Nous l'avons tous dit, nous sommes confrontés à une crise inédite et nous nous trouvons de ce fait dans une situation qui l'est tout autant.
Il nous est demandé de nous accorder, en quelques heures, sur les moyens de mettre un pays entier sous perfusion. Le travail est pour le moins acrobatique et je tiens à féliciter le Gouvernement d'avoir su garder quelque équilibre dans ce délicat exercice.
Notre mission n'est ni plus ni moins que de parvenir ensemble à jeter les bases du salut public à très court terme en sauvant des vies mais aussi l'économie.
Face au choc de demande provoqué par la chute de la consommation et au choc d'offre dû aux ruptures d'approvisionnement, le risque est très clair : le recul, pour ne pas dire l'effondrement du chiffre d'affaires de nos entreprises, menace d'entraîner une vague, pour ne pas dire une marée, de faillites. Pour l'éviter, la solution est claire, il nous faut à la fois pousser les banques à continuer à prêter en garantissant l'essentiel des crédits mais aussi alléger la fiscalité de toutes les entreprises en reportant les impôts ou en prenant en charge massivement le chômage partiel.

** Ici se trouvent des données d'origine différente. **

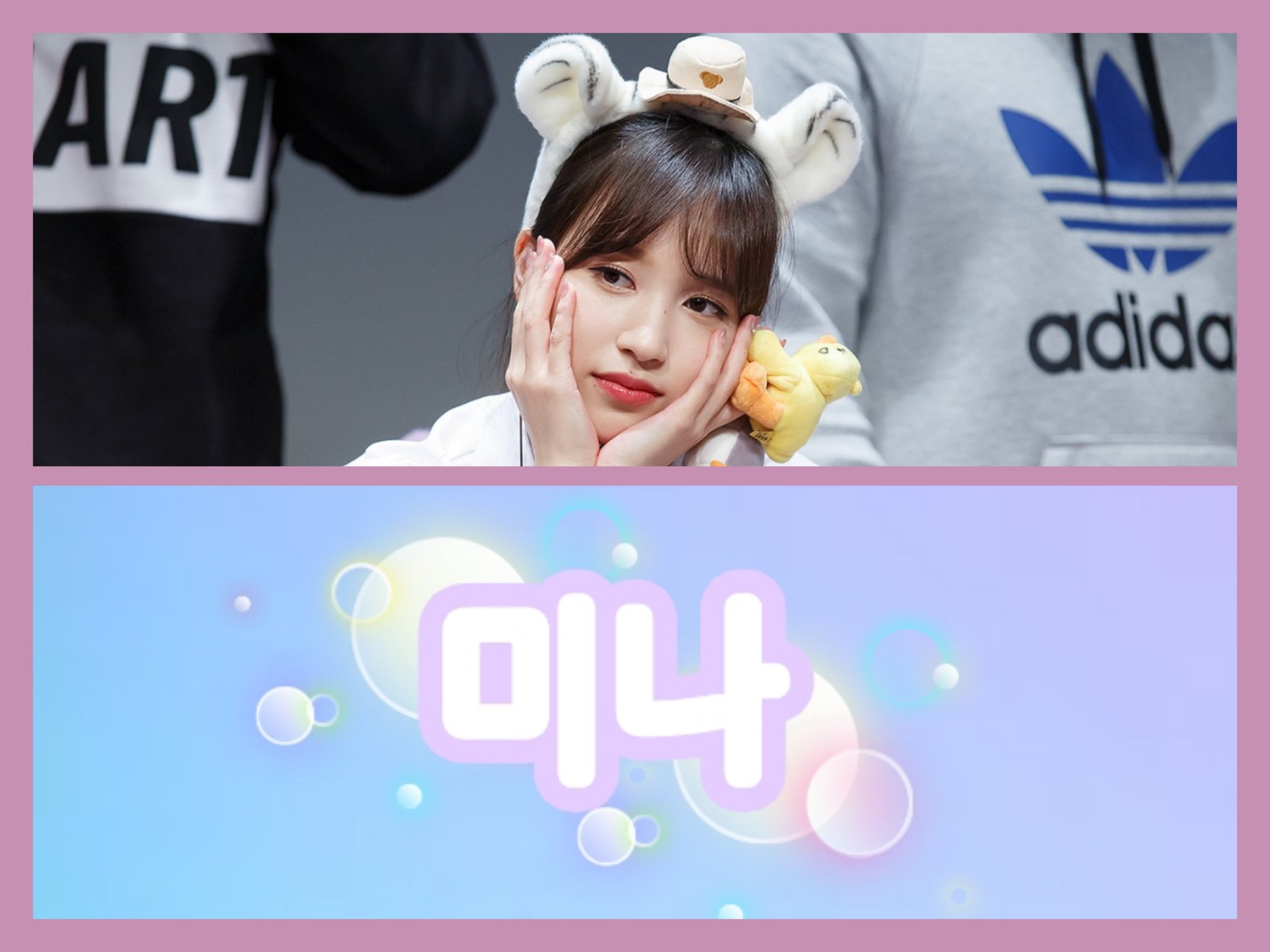 イチゴアメ Twice 紙スローガン配布 ミナスローガン 印刷したい方居ましたらrtお願い致します Rt多ければセブンイレブンでの印刷出来るようにします マスター様許可済み 紙スローガンtwice Onceさんたちと繋がりたい 拡散希望 T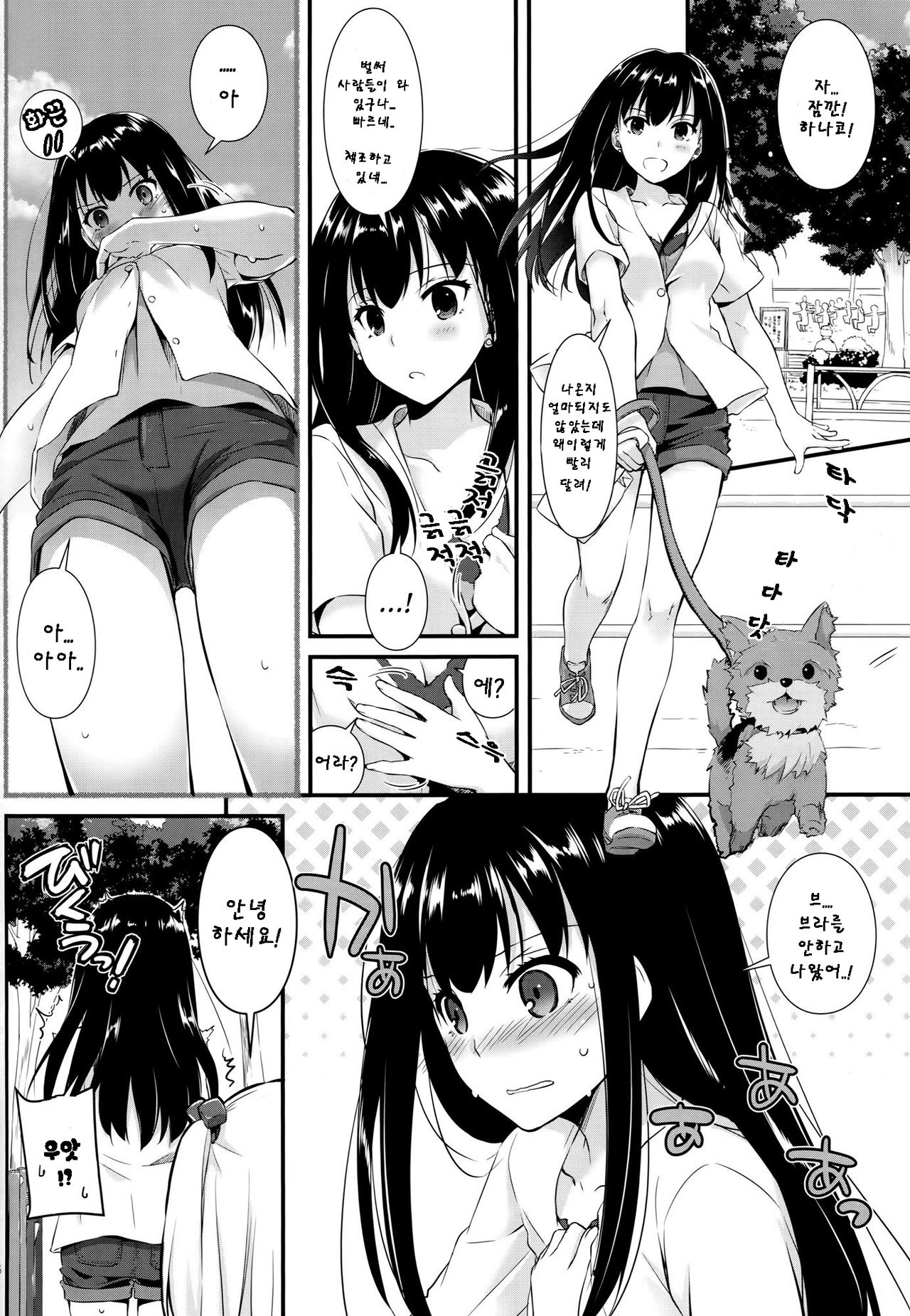 D.L. action 95 page 6 full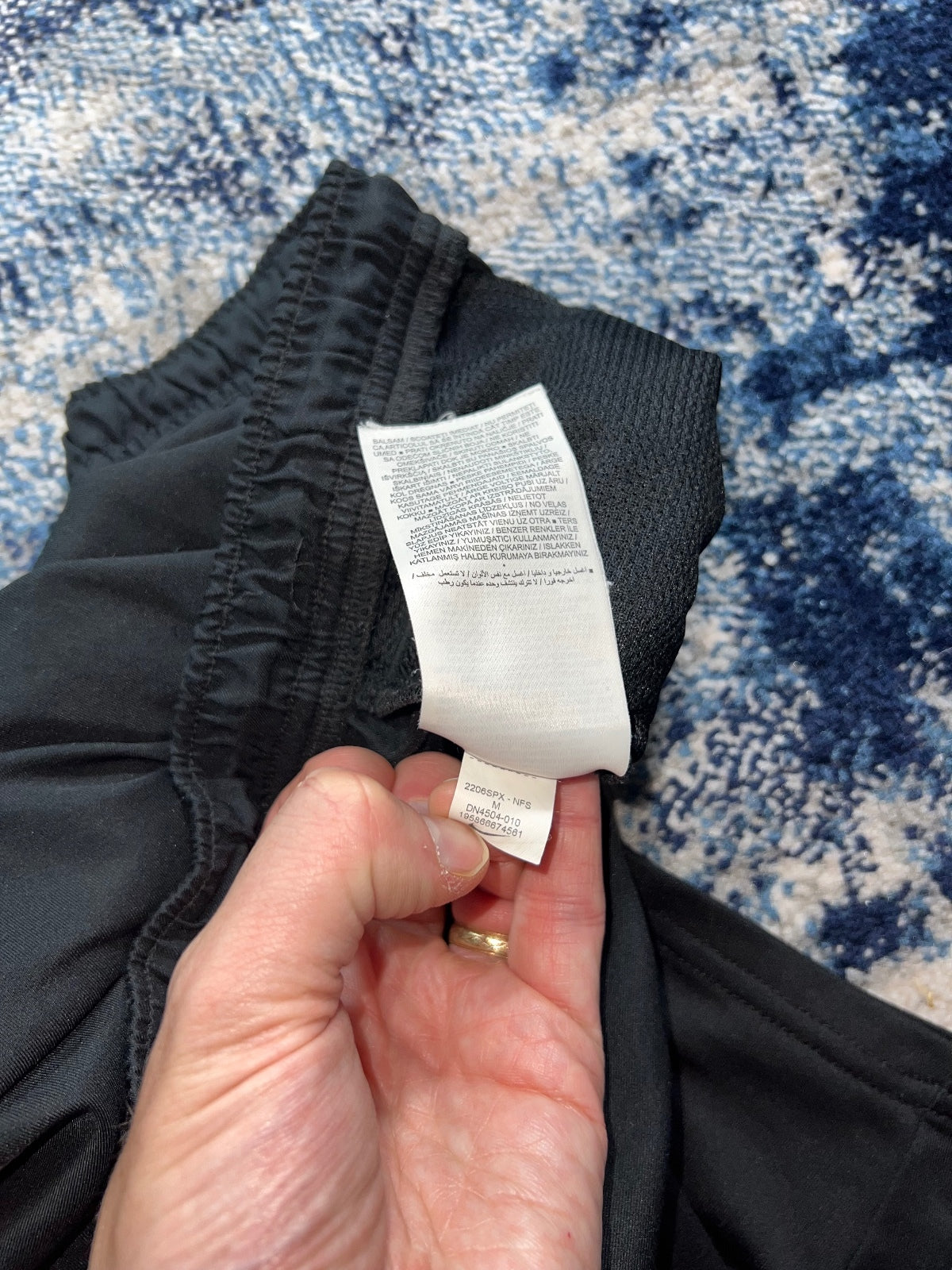 Nike Running Pants - product image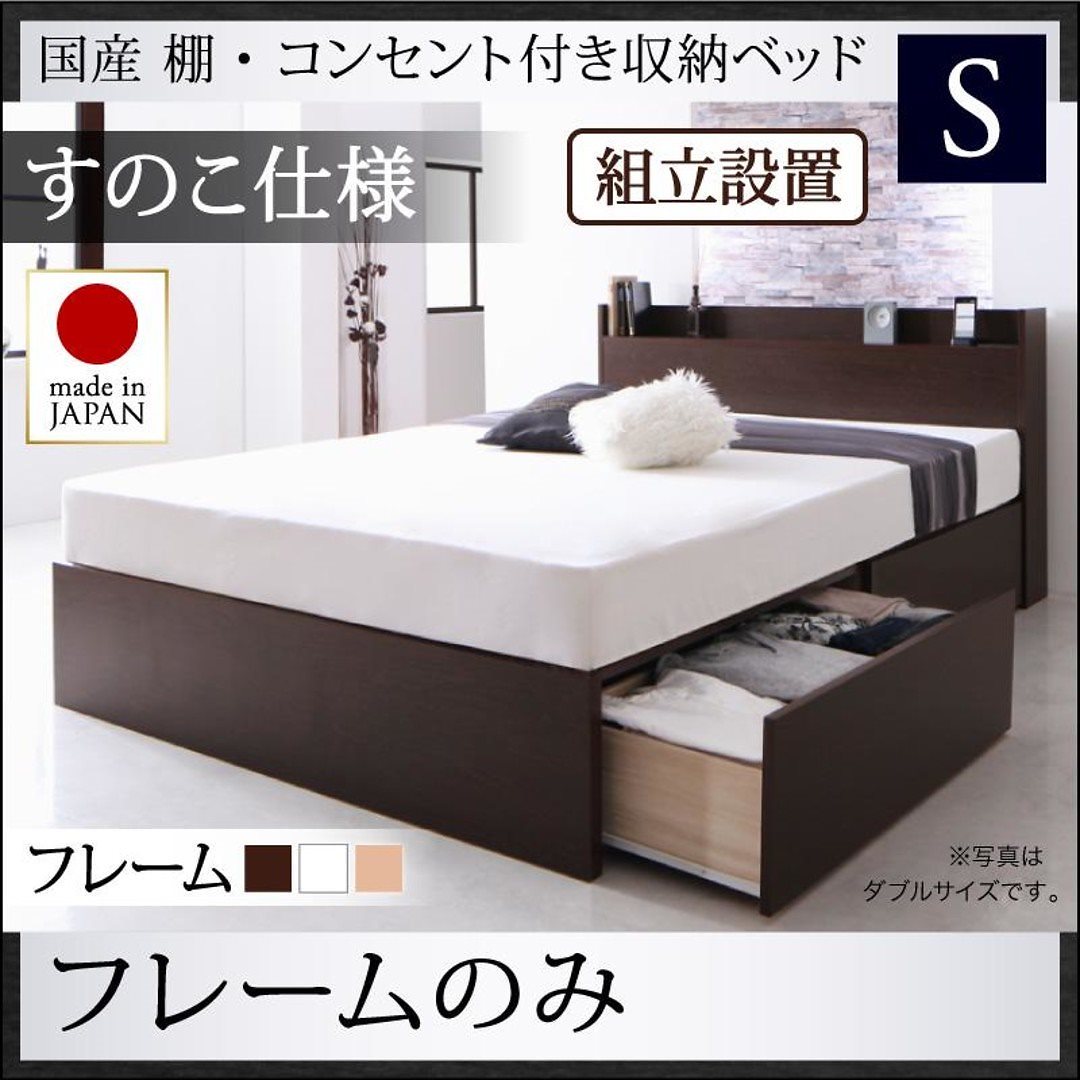 組立設置料込み国産 棚コンセント付き 収納ベッド フレーダー ベッドフレームのみマットレスなし すのこ仕様 シングル ホワイト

Mes chers collègues, ne tombons pas dans le piège de perdre du temps à nous demander si cela est trop ou pas assez. Il est impossible aujourd'hui de fixer définitivement dans ce texte le coût de la crise, tout simplement parce que personne à cette heure ne connaît ni son ampleur ni sa durée. « Les prévisions sont difficiles surtout lorsqu'elles concernent l'avenir », disait joliment Pierre Dac.
Avec ce projet de loi de finances rectificative, nous parons donc au plus pressé, en garantissant tous les prêts consentis aux entreprises par des établissements de crédit pour un encours total de 300 milliards ; en rendant cette garantie automatique pour l'essentiel de nos entreprises – je pense, en particulier, aux plus petites d'entre elles – ; en ouvrant au bénéfice des secteurs les plus touchés par la crise – tourisme, hôtellerie, restauration, culture – un fonds de solidarité doté de 1 milliard d'euros, en prenant en charge le chômage partiel des salariés à un niveau dont, M. le ministre l'a rappelé, nous n'avons pas à rougir en Europe. Cela s'ajoute à 35 milliards de mesures de trésorerie, comme l'a indiqué M. Darmanin, sous forme de suspension d'impôts et de cotisations sociales, et qui sait, peut-être même plus tard, d'annulation.
L'urgence est, en effet, de permettre à nos entreprises de constituer non pas un trésor de guerre mais une trésorerie de résistance. En effet, il ne peut être question que de résistance. Nous ignorons encore l'étendue et la durée de la crise économique inédite que nous vivons. Dans les prochains jours, les prochaines semaines, voire même les prochaines heures, nous continuerons à faire remonter au Gouvernement l'ensemble des problèmes qui se posent selon les lieux, les secteurs, les types d'entreprise. Mais prétendre que nous pourrons tous les résoudre en une seule fois serait, vous le savez, parfaitement illusoire.
Les 45 milliards d'euros apportés aujourd'hui sont, je le dis avec force, une première réponse à l'urgence, mais certainement pas la dernière. Au fur et à mesure que la crise se précise, nous préciserons aussi nos efforts.
L'urgence, c'est d'éviter l'asphyxie de notre économie, mais cela ne signifie pas que nous ne devrons pas ensuite panser ses blessures, qui, pour plus spécifiques qu'elles soient, demeureront néanmoins très dangereuses.
Sauver des vies comme sauver l'économie, ce sont des enjeux de très court terme. Mais, d'autres l'ont dit avant moi sur d'autres bancs, cela ne doit pas nous empêcher de penser à plus long terme et de raisonner en termes structurels et non plus seulement conjoncturels.
C'est ainsi que pour donner le maximum d'agilité au Gouvernement et assurer au législateur un contrôle affiné des conséquences financières de la gestion de crise, le choix a été faut de deux créer de nouveaux programmes au sein d'une mission, lesquels deviendront les deux principaux outils de cette gestion.
En effet, ce texte ne devrait pas ouvrir un débat. Personne à ma connaissance ne remet d'ailleurs en cause le bien-fondé des mesures qu'il comporte. Plutôt que d'ouvrir le débat, il faut lancer le combat – celui-ci demandera peut-être plus de deux mois, il coûtera peut-être plus de 45 milliards mais il nous imposera, quoi qu'il en soit, de rester mobilisés.
Le Président de la République l'a dit, nous sommes en guerre. Cette guerre est une guerre de tranchées pour notre système sanitaire et pour la population, aujourd'hui condamnée au confinement, mais cette guerre doit être une guerre de mouvement pour nos entreprises et notre économie, parce que, pour elles, le confinement serait synonyme de mort subite.